→ **THE TASK**
Go through the entries and copy every line that has the string "OstroVit" in it.

→ **TASK DATA**

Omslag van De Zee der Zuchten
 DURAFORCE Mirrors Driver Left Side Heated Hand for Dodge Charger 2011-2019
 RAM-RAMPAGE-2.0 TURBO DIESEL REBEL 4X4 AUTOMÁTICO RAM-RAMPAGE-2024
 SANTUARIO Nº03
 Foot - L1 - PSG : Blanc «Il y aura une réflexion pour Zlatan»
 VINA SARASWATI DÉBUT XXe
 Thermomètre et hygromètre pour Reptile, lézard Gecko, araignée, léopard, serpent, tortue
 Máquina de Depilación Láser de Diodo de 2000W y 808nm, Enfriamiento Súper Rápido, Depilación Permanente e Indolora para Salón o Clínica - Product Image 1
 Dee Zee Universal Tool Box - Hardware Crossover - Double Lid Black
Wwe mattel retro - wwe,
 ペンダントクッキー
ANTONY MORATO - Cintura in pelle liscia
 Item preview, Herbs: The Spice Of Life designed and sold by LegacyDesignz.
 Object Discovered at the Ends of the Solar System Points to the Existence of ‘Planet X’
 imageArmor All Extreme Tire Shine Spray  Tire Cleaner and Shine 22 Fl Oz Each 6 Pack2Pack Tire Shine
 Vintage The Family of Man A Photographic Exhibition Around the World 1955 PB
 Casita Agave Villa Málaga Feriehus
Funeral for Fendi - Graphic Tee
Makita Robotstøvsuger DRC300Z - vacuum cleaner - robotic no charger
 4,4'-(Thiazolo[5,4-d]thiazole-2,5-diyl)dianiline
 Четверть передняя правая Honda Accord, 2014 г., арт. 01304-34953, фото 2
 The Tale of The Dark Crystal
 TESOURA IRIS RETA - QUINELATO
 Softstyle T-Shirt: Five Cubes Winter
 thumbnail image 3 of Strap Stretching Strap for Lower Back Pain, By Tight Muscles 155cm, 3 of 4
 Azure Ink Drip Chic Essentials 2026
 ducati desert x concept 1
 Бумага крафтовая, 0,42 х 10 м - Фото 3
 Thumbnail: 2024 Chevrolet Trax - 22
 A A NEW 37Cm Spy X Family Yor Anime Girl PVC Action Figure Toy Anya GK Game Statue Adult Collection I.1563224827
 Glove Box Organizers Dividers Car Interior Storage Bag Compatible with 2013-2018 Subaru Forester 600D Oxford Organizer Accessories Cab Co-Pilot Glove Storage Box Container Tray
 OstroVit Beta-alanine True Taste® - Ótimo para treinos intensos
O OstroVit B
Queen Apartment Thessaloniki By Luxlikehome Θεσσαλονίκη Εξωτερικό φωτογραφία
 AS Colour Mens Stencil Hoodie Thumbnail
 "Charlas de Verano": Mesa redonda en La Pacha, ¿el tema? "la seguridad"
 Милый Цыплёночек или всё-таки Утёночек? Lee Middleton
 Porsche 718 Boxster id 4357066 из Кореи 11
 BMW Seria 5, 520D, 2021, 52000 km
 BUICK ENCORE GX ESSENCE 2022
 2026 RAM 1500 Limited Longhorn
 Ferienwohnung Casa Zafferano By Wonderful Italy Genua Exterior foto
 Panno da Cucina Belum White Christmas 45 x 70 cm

→ **SOLUTION**
 OstroVit Beta-alanine True Taste® - Ótimo para treinos intensos
O OstroVit B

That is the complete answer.